◆ **Exercise prompt**:
This exercise calls for the line with "Oversized tričko Henley černé", the line with "Toulouse-Lautrec - Marcelle", and all lines between them in the material below, output exactly and with no other lines.

◆ **Source information**:
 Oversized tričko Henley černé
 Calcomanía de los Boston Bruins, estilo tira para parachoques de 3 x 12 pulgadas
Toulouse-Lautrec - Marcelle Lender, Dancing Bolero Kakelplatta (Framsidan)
---
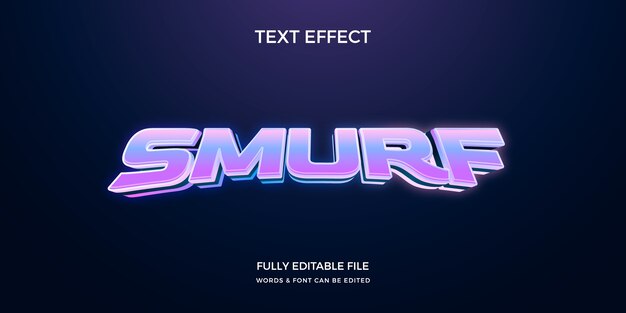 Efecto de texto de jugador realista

◆ **Result for this task**:
 Oversized tričko Henley černé
 Calcomanía de los Boston Bruins, estilo tira para parachoques de 3 x 12 pulgadas
Toulouse-Lautrec - Marcelle Lender, Dancing Bolero Kakelplatta (Framsidan)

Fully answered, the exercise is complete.